Learning to be a Linchpin

Although I’ve had little chance or energy to post lately, I’ve been able to do enjoy some personal time, even if it’s not as much as I would like.

During the work day, I need to express breast milk 3 or 4 times a day.  I’m not comfortable doing so hands-free, so I can’t type, nor can I easily write, but I can read, so that’s what I do during those pumping breaks.  This whole week, I’ve been reading Seth Godin‘s Linchpin, which I started on Sunday during the hour-plus-long trip to celebrate Mother’s Day with my in-law, and which I hope to have time to finish this weekend.

Actually, I consider reading the book to be one activity in personal development.  One of my work goals is to focus more on personal development, anyway, so reading the book is both a personal and work-related activity, and it’s definitely fun, not at all a chore.  The book is very insightful, and Mr. Godin is as much a linchpin himself as anyone that I could name.

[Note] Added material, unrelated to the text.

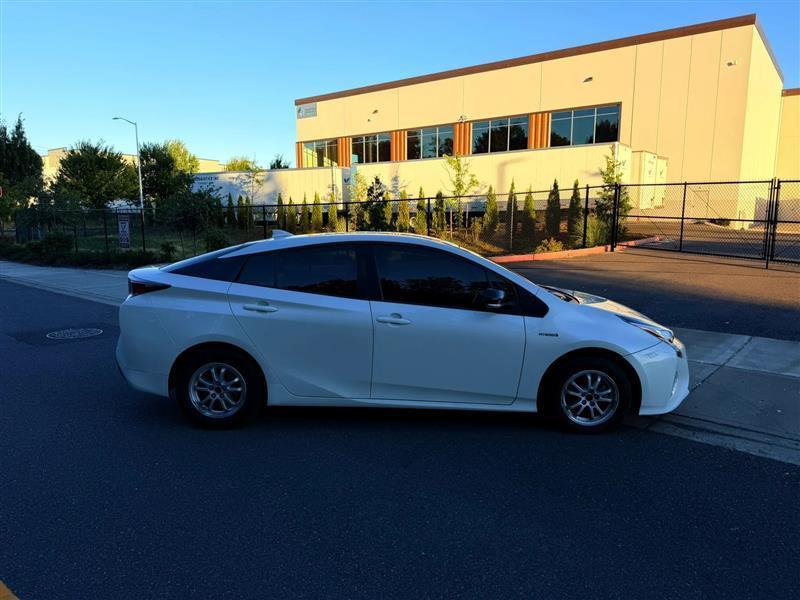 Toyota Prius Two 2016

I plan to write more about my takeaways from the book, but now the baby just woke up, so I need to attend to her before I can share more about the book.  I was hoping to work more on a sewing project after publishing this post, but I guess that project must wait, and I should be satisfied enough that I managed to complete a post for the first time in weeks.  Can I ever be a linchpin when, in my current phase of life, I rarely get the chance to ship my art?


Gardening Time!

Although I’m by no means an expert gardener, and neither is my husband, we have had a garden every year for a number of years now, and we both used to help with the gardens that our mothers had every year when we were growing up, so we’re not complete gardening novices.  Even so, each year my husband and I learn something about gardening as we expand our growing area and the variety of vegetables and herbs that we grow, and we know that there is a lot more to know.

For example, last year we learned a way NOT to grow broccoli–crowding it against the side of our garage–and this year we may have already learned another way.  We haven’t planted any broccoli yet, and now that the weather is warming up–yay to that in general; I much prefer warm weather to cool or cold–it might be too late to plant it and expect a yield before summer, considering that the broccoli plants of our neighbors behind us already have heads(!), but that’s OK; if we don’t get any broccoli again this year, we won’t lament the mistake, because we aren’t relying on it.  It’s a “nice to have” instead of a “must have” for us.

Our must-have garden plants are tomatoes, sweet peppers, onions, garlic, beans, spinach, and lettuce.  We also grow parsley, dill, carrots, and radishes.  Last year we tried potatoes, but didn’t get any because we weren’t able to keep up with hilling them to cover all but the top set of leaves on each plant.  This year we’ll try again, in a box.

This year I really want to be able to harvest sweet corn and sunflowers from our garden, so I’d better plant them this weekend.  Because I want to attend at least some of a native plant and wildlife festival at a local park tomorrow, as well as visit a few friends and introduce the baby to them, and I have plans for Sunday as well, I think I’ll go plant some seeds now and enjoy the last hour of sunshine of this beautiful end-of-April day!

A Quick Update

Although I have many thoughts to share here, other activities and tasks with higher priority–caring for fhe kids, doing housework, and attending to personal care (mostly sleep!)–have take most of my time since I last posted.  Then there was the completion of tax returns, battling a cold that my husband and I and half of the kids got during the past two weeks, and the Easter holiday, plus the end of my maternity leave.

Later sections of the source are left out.